就業規則 重大な非行があったら
こんにちは。江東区のたつみ社会保険労務士事務所代表、水本です。
懲戒処分が厳しいものになるほど、その手続きには慎重さが求められます。
懲戒解雇事由に該当するような重大な非行等については、証拠隠滅や再発を防止するために一定期間の自宅待機を命じることがあります。
しかし、就業規則にこの「自宅待機」について規定している会社は少ないように思われます。

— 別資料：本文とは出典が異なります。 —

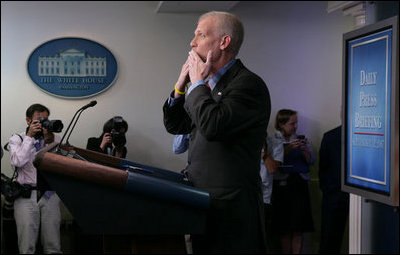 White House spokesman Tony Snow blows a kiss to the press corps Wednesday, Sept. 12, 2007, after delivering his final briefing in the James S. Brady Briefing Room. Said Mr. Snow, "This job has been the most fun I have ever had, the most satisfying, fulfilling job." 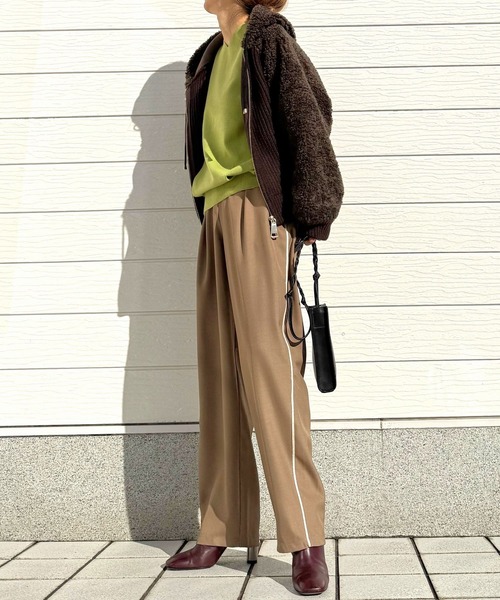 Q(キュー)の「ボアニット切替アウター(その他アウター・レディース・ブラウン/ベージュ・MEDIUM)」の15枚目の写真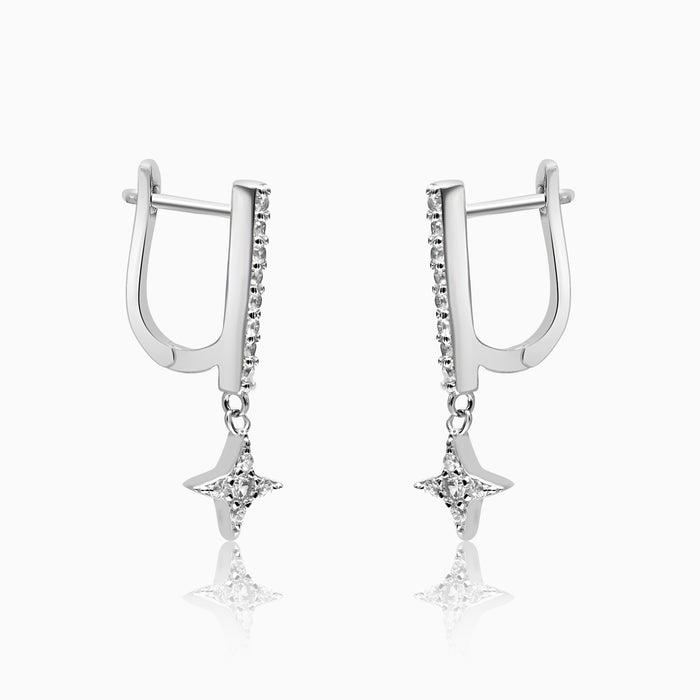Silver Sparkle Drop on English Lock Earrings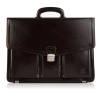 Kožená pánská taška/aktovka Paolo Peruzzi T-80 Shine tmavě hnedá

会社は、この期間中に非行の事実の確認など調査を進めます。
ここで注意しなければならないのは、懲戒解雇処分に関する調査のために自宅待機させた場合、この自宅待機が懲戒処分としての出勤停止に当たるとすれば、一つの事案について二重の懲戒(出勤停止と懲戒解雇)を課すことになり、その懲戒解雇が無効とされる可能性があることです。
そのため、調査のための自宅待機命令は懲戒処分ではないことを規定に明記しておき、この期間中については無給とせず、会社都合の休業として労働基準法上の休業手当を支払うことにしておきます。
それから、処分が懲戒解雇ともなれば、本人に弁明の機会を設ける必要がありますが、そのことについての規定もないところが多いようですから、きちんと書いておきましょう。
本人から事情を聴取するときには、あらかじめ本人に伝えた上で、録音や録画などの記録もとっておきます。
さらに、必要と判断した場合には警察などの関係機関に告発することも考えられます。
全ての調査が完了して懲戒解雇処分が相当だという結論が出たら、本人に対して「懲戒解雇通知書」を書面で発行します。
通知書には事実の概略、調査の内容、懲戒解雇とする日付を載せます。
退職金を減額にしたり不支給にしたりする場合には同意書も用意しておき、本人に署名捺印してもらいます。